The White House late Tuesday signed a memo allowing troops stationed at the border to engage in some law enforcement roles and use lethal force, if necessary — a move that legal experts have cautioned may run afoul of the Posse Comitatus Act.
The new “Cabinet order” was signed by White House Chief of Staff John Kelly, not President Donald Trump. It allows “Department of Defense military personnel” to “perform those military protective activities that the Secretary of Defense determines are reasonably necessary” to protect border agents, including “a show or use of force (including lethal force, where necessary), crowd control, temporary detention. and cursory search.”
However an earlier “decision memo” that came to the same recommendations that were contained in the “cabinet memo” was signed by President Trump, according to documents obtained by Newsweek.
There are approximately 5,900 active-duty troops and 2,100 National Guard forces deployed to the U.S.-Mexico border.
Some of those activities, including crowd control and detention, may run into potential conflict with the 1878 Posse Comitatus Act. If crossed, the erosion of the act’s limitations could represent a fundamental shift in the way the U.S. military is used, legal experts said.
The Congressional Research Service, the non-partisan research agency for Congress, has found that “case law indicates that ‘execution of the law’ in violation of the Posse Comitatus Act occurs (a) when the Armed Forces perform tasks assigned to an organ of civil government, or (b) when the Armed Forces perform tasks assigned to them solely for purposes of civilian government.” However, the law also allows the president “to use military force to suppress insurrection or to enforce federal authority,” CRS has found.
Military forces always have the inherent right to self defense, but defense of the border agents on U.S. soil is new. In addition, troops have been given additional authorities in previous years to assist border agents with drug interdictions, but the widespread authorization of use of force for thousands of active-duty troops is unique to this deployment.
Each domestic deployment of troops to any of the 50 states or U.S. territories is governed by Chairman of the Joint Chiefs of Staff Instruction 3121.01B, “Standing Rules of Engagement, Standing Rules for the Use of Force by U.S. Forces.” Two annexes, L and N, are specific to Defense Department missions in support of civilian authorities.
However, each mission is unique, and the standing rules for the use of force can be adjusted except for the limitation against active-duty U.S. forces conducting law enforcement on U.S. soil, which is enshrined in the 1898 act.
Posse Comitatus is “always looming in the background. You never invoke it as such because it is such a background principle,” said William Banks, author of “Soldiers on the Home Front: The Domestic Role of the American Military” and the former director of the Institute for National Security and Counter-terrorism at Syracuse University’s College of Law.

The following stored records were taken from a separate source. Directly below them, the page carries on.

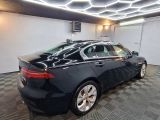 Jaguar XE bei Sportwagen.expert - Abbildung (4 / 15)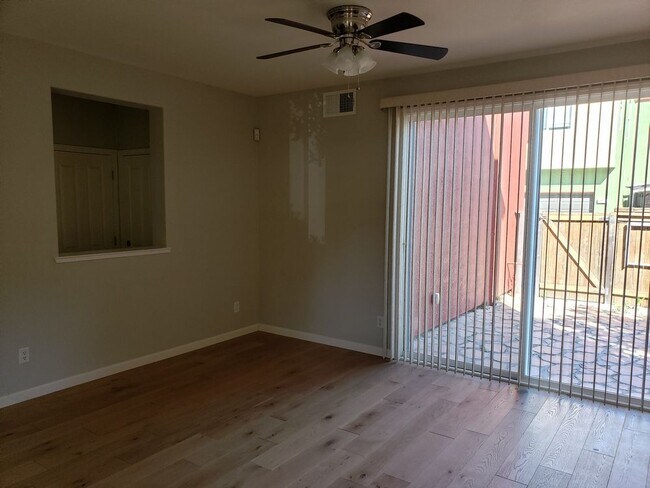 Foto del edificio - 828 Copper Ln.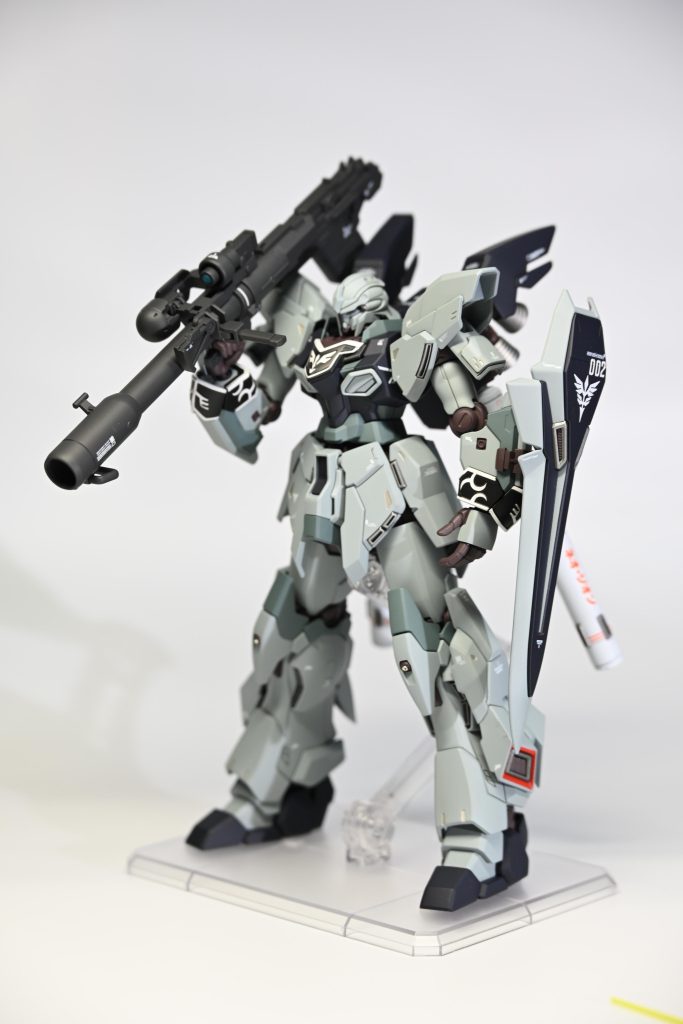 MGを参考に掘り直し、塗り分け、デカールを意識して作りました。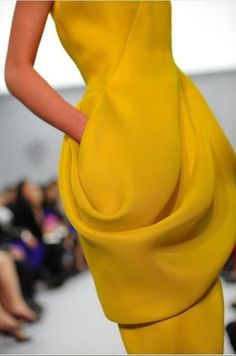 The epitome of beautiful cutting and draping of a fabric Dior Haute Couture, فستان سهرة, Mode Inspiration, Fashion Details, Yellow Dress, Couture Fashion, Look Fashion, Beautiful Outfits, Evening Wear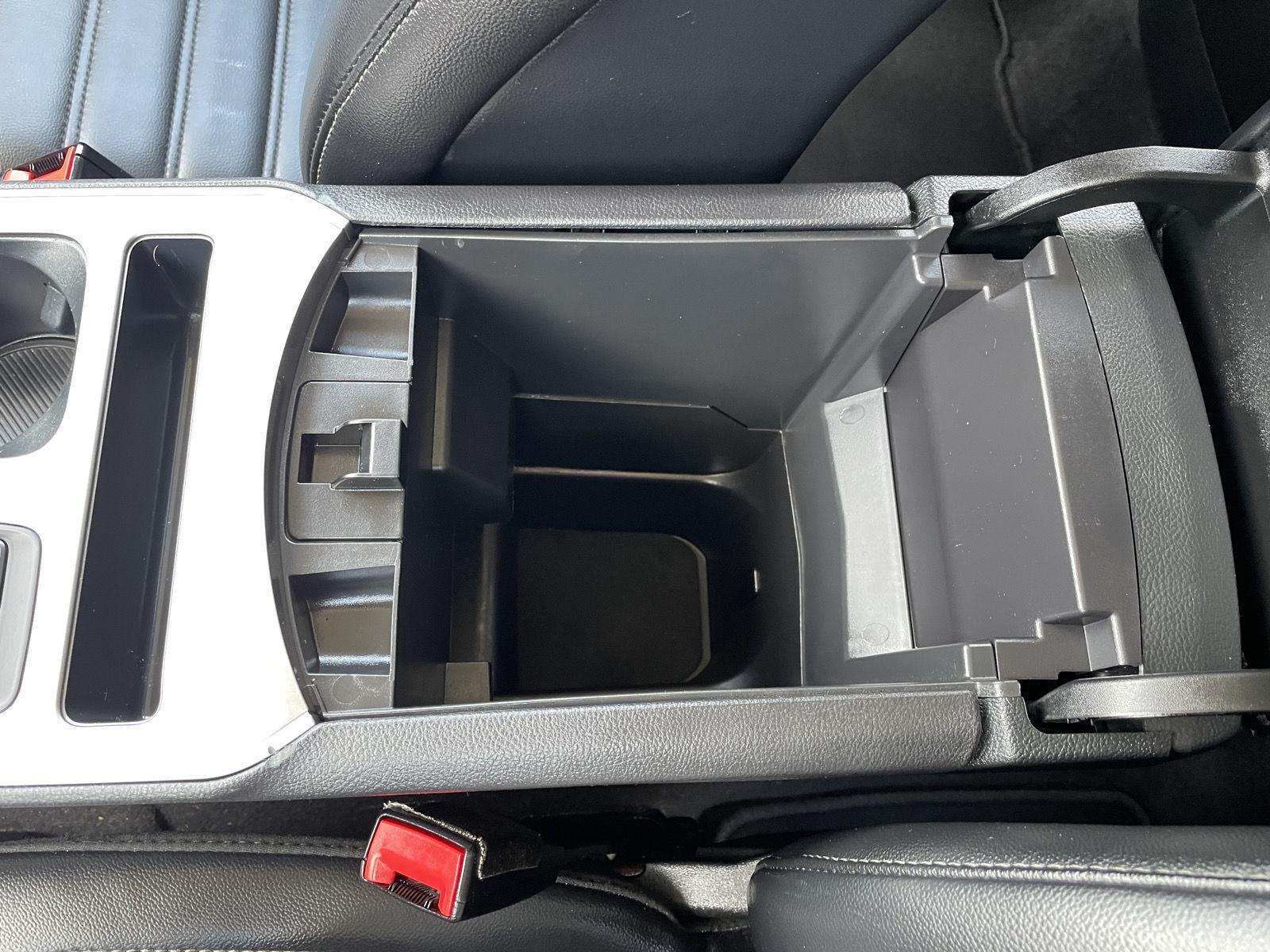 Vehicle photo 30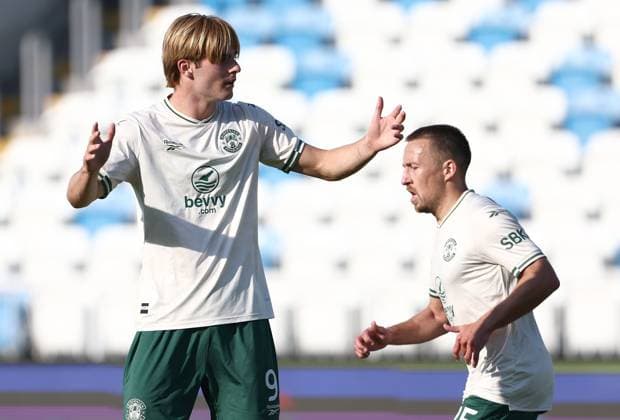 Nathan Lowe of Hibernian shows a look of dejection Malisheva v Hibernian, UEFA Conference League, 2nd Qualifying Round, 1st Leg, Football, Liman Gegaj Stadium, Malisheva, Kosovo - 23 Jul 2026Malisheva Liman Gegaj Stadium Kosovo United Kingdom  Copyright: xNikolaxKrstic Shutterstockx 16999261bj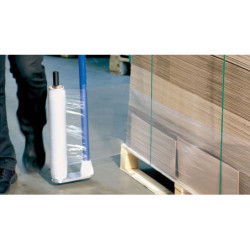 Film étiré manuel pour OPTIWRAPPER© Film étiré manuel pour OPTIWRAPPER©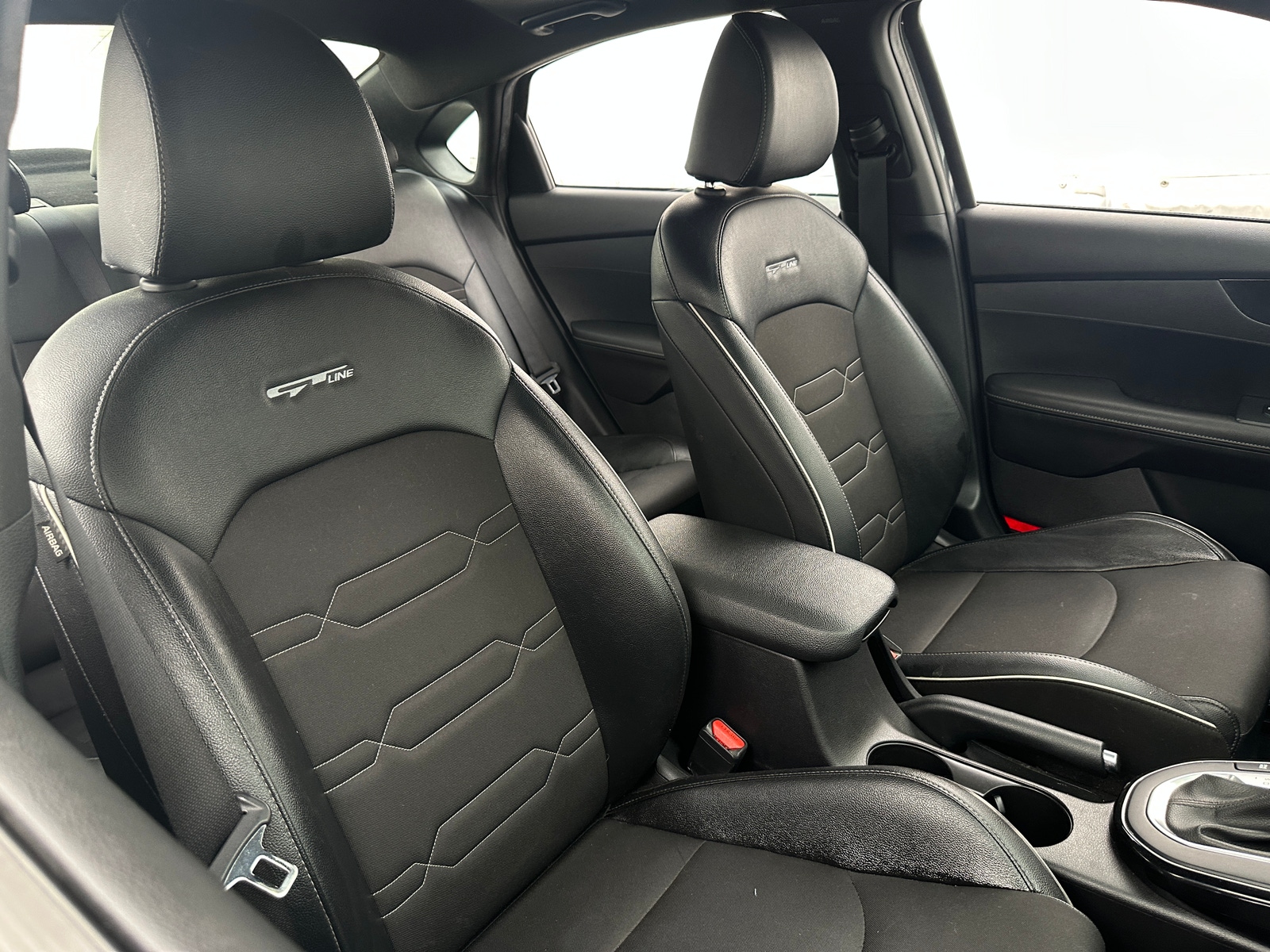 Thumbnail: 2021 Kia Forte - 2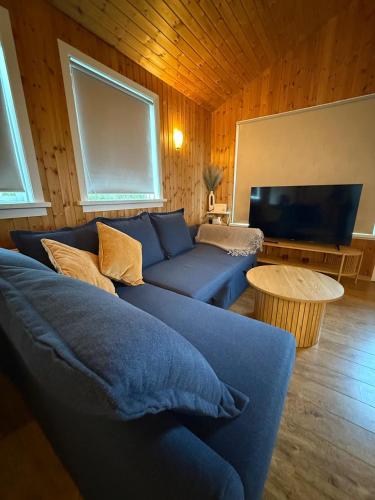 Galdur Cottage- heart of Golden Circle with hot tub & sauna in Haukadal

Defense officials said the language in the directive was carefully crafted to avoid running up against the bedrock legal limitations set in Posse Comitatus. The law was originally intended to protect the states from being controlled by federal troops. It has evolved into a singly defining, almost church versus state-type wall forbidding active-duty forces under the control of the president from conducting any types of crowd control or law enforcement domestically, essentially ensuring that the U.S. military is not used to control or defeat American citizens on U.S. soil.
Kelly said in the signed directive that the additional authorities were necessary because “credible evidence and intelligence” have indicated that the thousands of migrants who have now made their way to the U.S. checkpoint near Tijuana, Mexico, “may prompt incidents of violence and disorder” that could threaten border officials.